In 1957, John Scott was a musician performing under the direction of Malcolm Arnold, and recording his score for this movie. The musicians had finished the morning session, and the orchestra broke for lunch. John was prevented from leaving by Eric Boyd-Perkins, who subsequently became the movie editor on John's score for Antony and Cleopatra (1972), and was now the Sound Editor on this movie. He had been having trouble recording a group of people he had rounded up to do some whistling. He asked if John had a piccolo, and would he mind lending a hand. John told him it would be a pleasure, and remained, while Eric ran the footage in the movie where men are marching and whistling the famous "Colonel Bogey March". Malcolm had composed a theme which was a counter melody to the "Colonel Bogey March", and the collective whistlers present needed something to follow. John obliged by leading them, and keeping them in time with his piccolo playing. And, that is how the famous "whistling main title" was produced, and that is how John came to miss his lunch that day.
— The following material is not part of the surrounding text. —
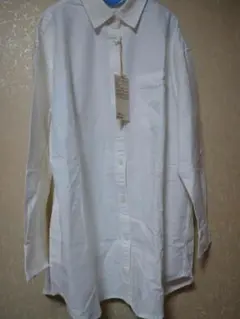 ⭐新品・タグ付き⭐無印良品洗いざらしオックスレギュラーカラーミドル丈シャツ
They carried on recording the score for the movie after the lunch break.
Sir David Lean wanted to introduce Nicholson and his soldiers into the camp singing the "Colonel Bogey" song, but Producer Sam Spiegel thought it was too vulgar, and so they enter whistling the song.
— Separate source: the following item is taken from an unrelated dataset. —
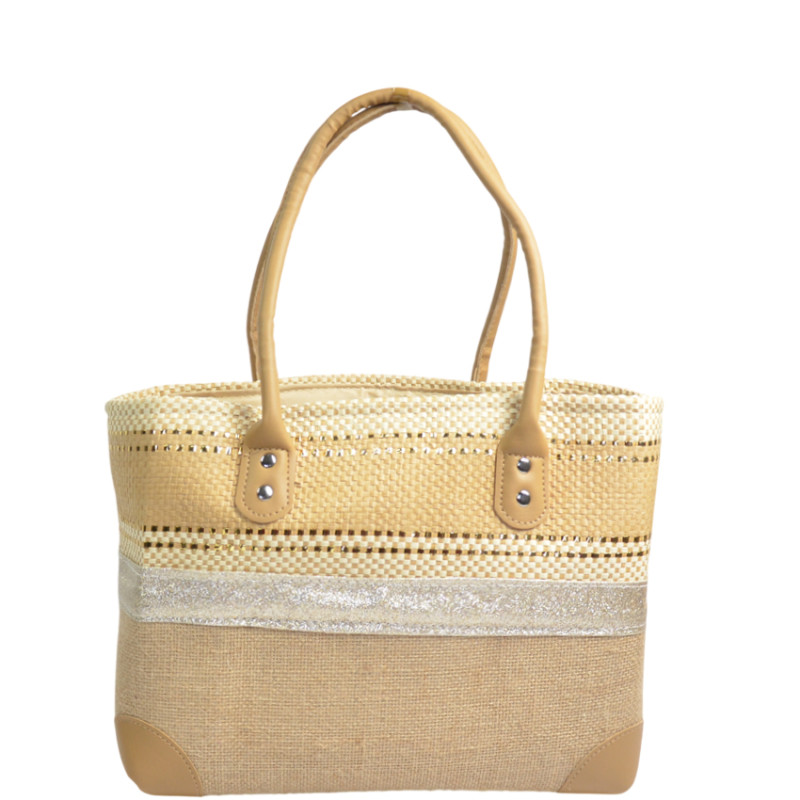 Le Voyage en Panier Costa Brava Brillo Beach Bag S Beige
As the same movies were nominated in the Best Picture and Best Director categories for the first time at the Academy Awards that year, this is the first movie to win both awards against the same competition in both categories.
Carl Foreman optioned the novel hoping that Zoltan Korda would direct it. When Alexander Korda criticized the script as being anti-British, Foreman formed a partnership with Sam Spiegel, and Korda left the project.
Unfortunately, the restored version of this movie has altered the sound effects/foley noticeably. The final indicator is the sound of the mortar Warden launches against Nicholson at the river. In the original release, the mortar has a distinct pop. In the restored copy, it sounds more like a large caliber gun going off.
In Australia, this movie was named as one of "THE ten films of 1958" by "The Australian Women's Weekly Magazine" published on Wednesday, December 31, 1958 on Page 52.
Despite Producer Sam Speigel usually frowning on having wives or mistresses on location, he relented to David Lean's inviting his then mistress, the Indian Leela Matkar, to stay with him during the filming of this movie. She spent the Christmas of 1956 with David in Ceylon (now Sri Lanka).
Although Jack Hawkins receives second billing, he doesn't make his first appearance until 75 minutes into the film.
Although a November 1956 news item announced that Brenda Marshall was cast in a featured role opposite her then real-life husband, William Holden, Marshall does not appear in this movie.
This movie is included on Roger Ebert's "Great Movies" list.
Included amongst the "1001 Movies You Must See Before You Die", edited by Steven Schneider.
When Shears, Warden, and Joyce are hiking to the bridge, the packs carried by the Siamese girls are obviously empty, judging by the ease in which they carry them and how they swing on the poles. This is usually the case with any kind of luggage or packs in movies.
In the scene where Major Warden (Jack Hawkins) interviews Shears (William Holden) on the beach, the very short focal length, wide angle camera lens results in a visible curvature to the horizon that is a purely optical effect.
Producer Sam Spiegel asked Ben Gazzara, the star of his previous movie The Strange One (1957), to play Lieutenant Joyce, but he was unavailable. Cliff Robertson was also considered.